# Problem details
Produce an exact copy of the lines below, starting at the first and ending with the line containing "モーリエンヌのブラマン 作： John Robert Cozens".

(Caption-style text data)
<<<<
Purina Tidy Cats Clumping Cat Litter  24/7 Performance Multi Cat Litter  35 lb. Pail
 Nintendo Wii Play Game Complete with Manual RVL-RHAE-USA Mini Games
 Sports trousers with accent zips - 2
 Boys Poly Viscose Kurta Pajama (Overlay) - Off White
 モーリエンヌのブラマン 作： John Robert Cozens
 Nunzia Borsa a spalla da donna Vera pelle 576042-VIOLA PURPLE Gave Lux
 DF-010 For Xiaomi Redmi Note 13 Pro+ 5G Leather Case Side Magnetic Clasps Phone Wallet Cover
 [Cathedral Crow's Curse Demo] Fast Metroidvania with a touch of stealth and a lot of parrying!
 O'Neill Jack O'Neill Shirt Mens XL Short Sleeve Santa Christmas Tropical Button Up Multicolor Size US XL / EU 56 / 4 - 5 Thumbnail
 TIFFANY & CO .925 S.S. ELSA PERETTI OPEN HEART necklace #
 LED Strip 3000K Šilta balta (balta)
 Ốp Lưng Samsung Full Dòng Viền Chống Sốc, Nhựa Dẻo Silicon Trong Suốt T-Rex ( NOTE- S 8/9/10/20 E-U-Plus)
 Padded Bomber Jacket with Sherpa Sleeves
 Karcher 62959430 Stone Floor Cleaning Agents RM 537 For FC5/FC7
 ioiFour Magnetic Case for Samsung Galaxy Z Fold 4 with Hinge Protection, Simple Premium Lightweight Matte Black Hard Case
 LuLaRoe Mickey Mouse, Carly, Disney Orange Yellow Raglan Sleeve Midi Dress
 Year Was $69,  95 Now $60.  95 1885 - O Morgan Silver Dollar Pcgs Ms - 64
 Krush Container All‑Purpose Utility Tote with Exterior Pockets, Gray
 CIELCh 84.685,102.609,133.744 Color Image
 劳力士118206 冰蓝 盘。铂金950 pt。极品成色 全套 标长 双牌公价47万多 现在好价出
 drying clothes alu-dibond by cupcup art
>>>>
# Solution to this exercise
Purina Tidy Cats Clumping Cat Litter  24/7 Performance Multi Cat Litter  35 lb. Pail
 Nintendo Wii Play Game Complete with Manual RVL-RHAE-USA Mini Games
 Sports trousers with accent zips - 2
 Boys Poly Viscose Kurta Pajama (Overlay) - Off White
 モーリエンヌのブラマン 作： John Robert Cozens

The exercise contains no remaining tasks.